Repeat the data verbatim, images excluded.

## DATA
■ ■ ■ ■
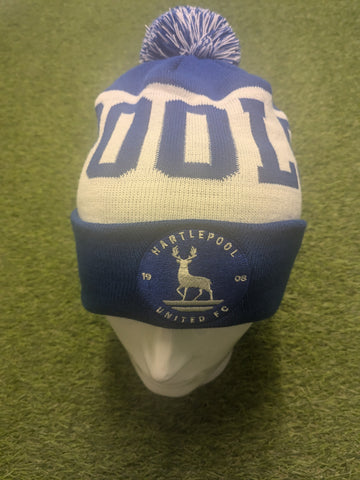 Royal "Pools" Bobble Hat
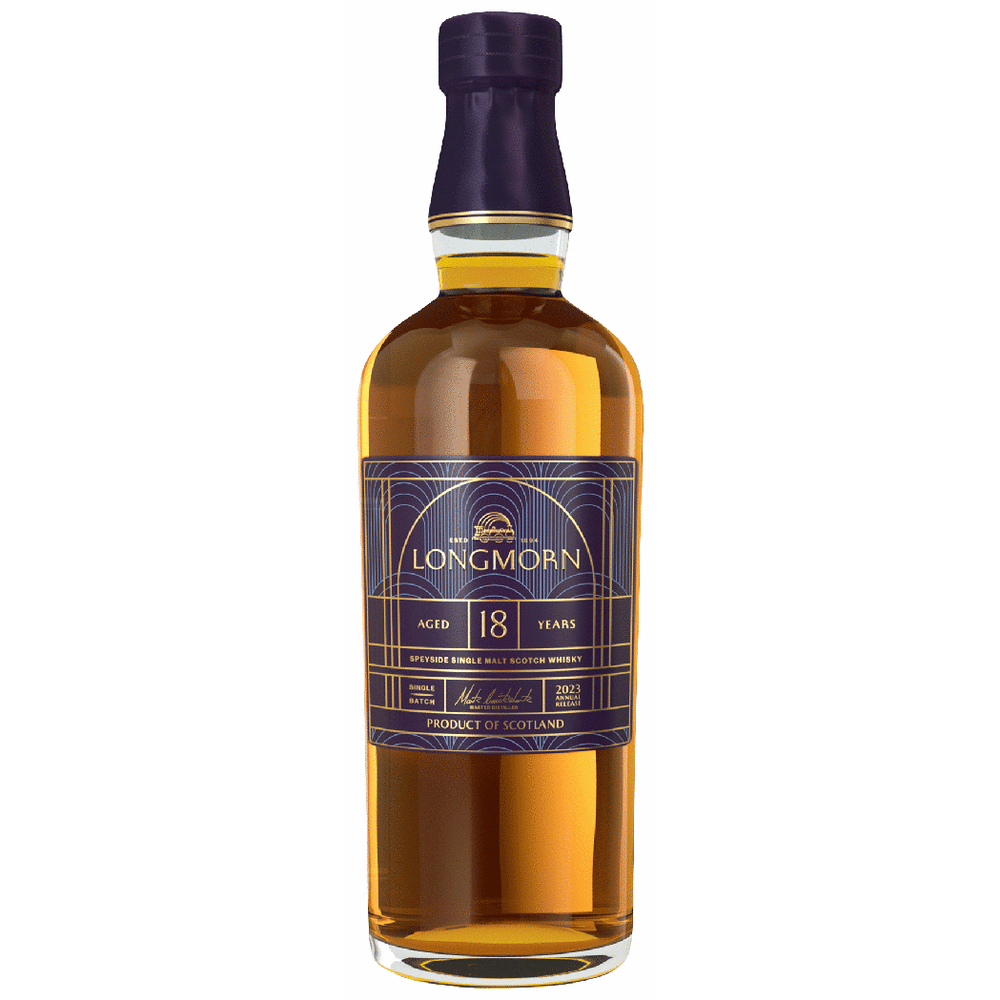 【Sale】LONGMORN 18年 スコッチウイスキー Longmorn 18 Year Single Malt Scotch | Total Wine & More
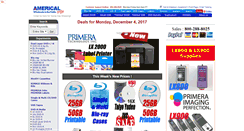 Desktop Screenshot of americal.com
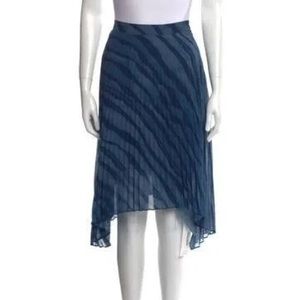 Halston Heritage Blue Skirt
■ ■ ■ ■
## WRITTEN ANSWER
 Royal "Pools" Bobble Hat
 【Sale】LONGMORN 18年 スコッチウイスキー Longmorn 18 Year Single Malt Scotch | Total Wine & More
 Desktop Screenshot of americal.com
 Halston Heritage Blue Skirt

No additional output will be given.